(Information Opens)
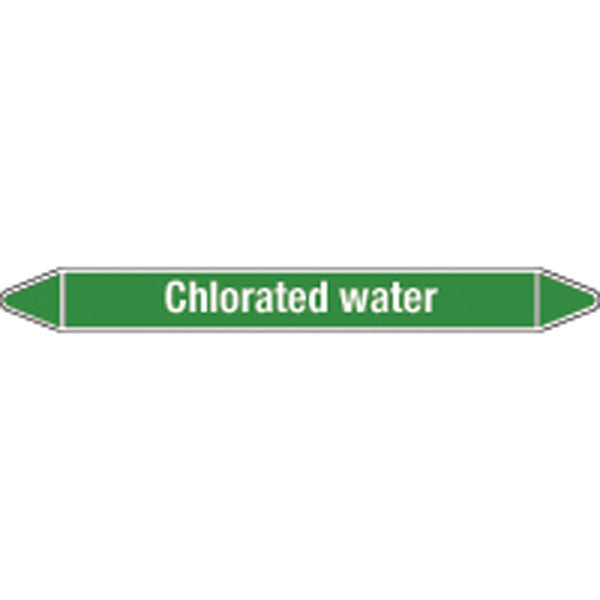 N008864 Brady White on Green Chlorated water Clp Pipe Marker On Card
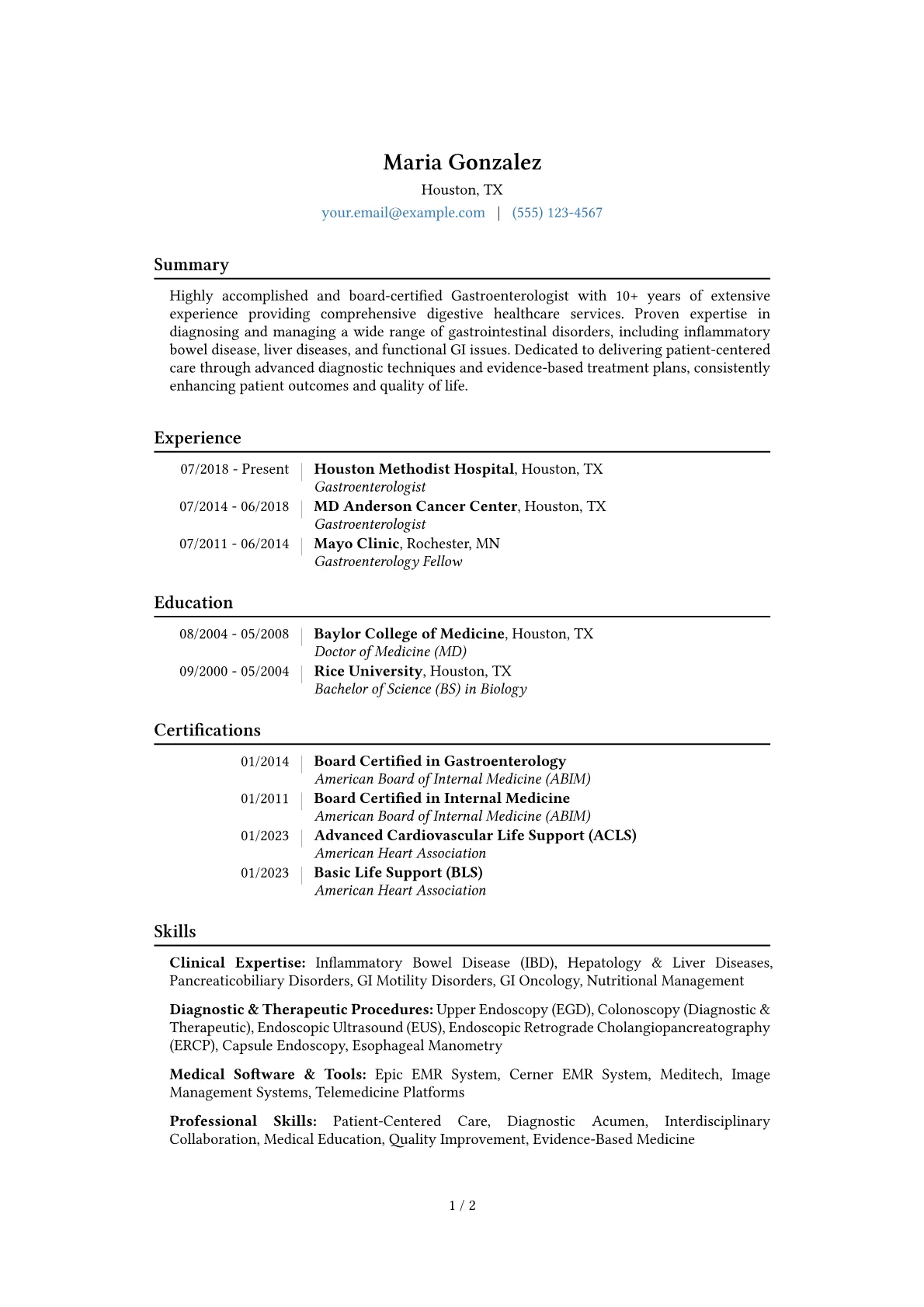 Gastroenterologist Resume Example CV template - Page 1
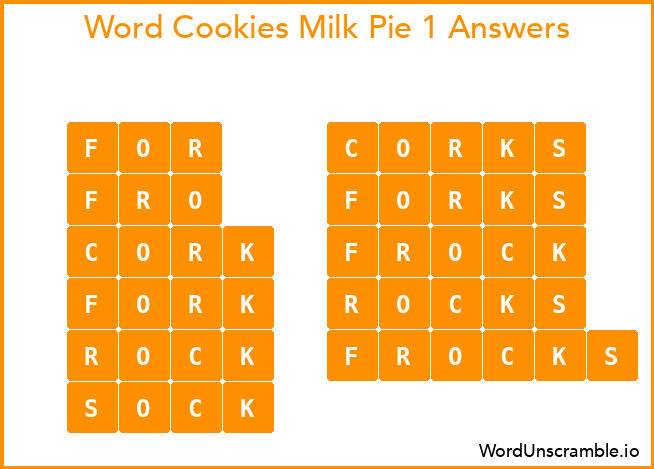 Word Cookies Milk Pie 1 Answers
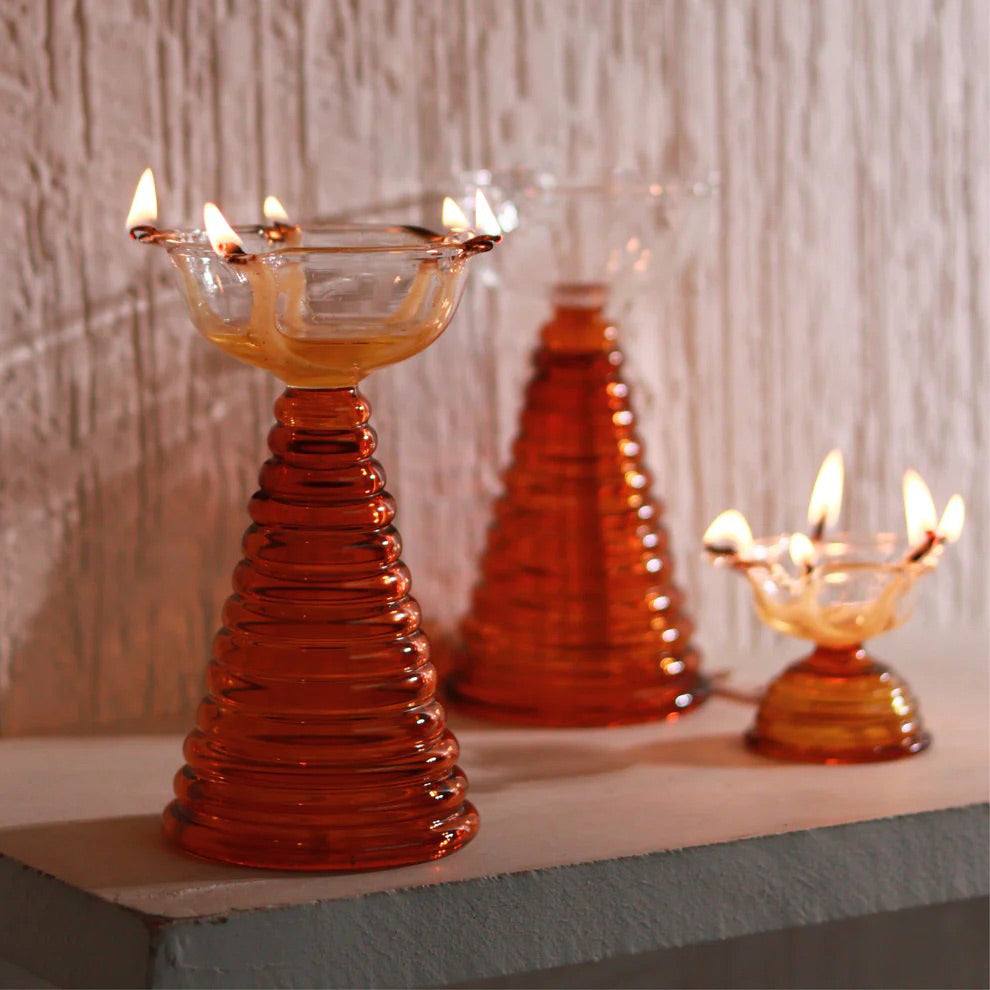 Glass Diyas Gift Set - Amber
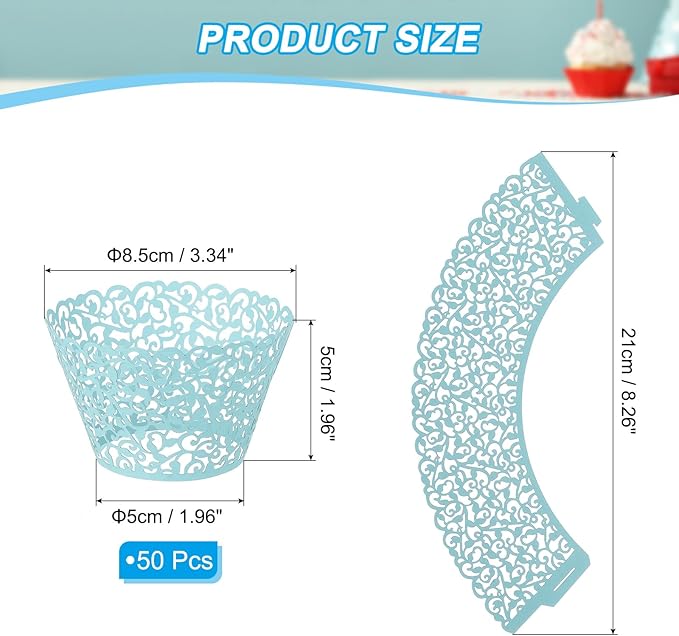 PATIKIL Cupcake Wrappers Paper, 50 Pack Baking Cups Standard Vine Decoration for Anniversary Birthday Weddings and Parties, Light Blue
(Information Closes)
Brief:
Write out the data exactly, and exclude every picture it holds.

Answer for this exercise:
 N008864 Brady White on Green Chlorated water Clp Pipe Marker On Card
 Gastroenterologist Resume Example CV template - Page 1
 Word Cookies Milk Pie 1 Answers
 Glass Diyas Gift Set - Amber
 PATIKIL Cupcake Wrappers Paper, 50 Pack Baking Cups Standard Vine Decoration for Anniversary Birthday Weddings and Parties, Light Blue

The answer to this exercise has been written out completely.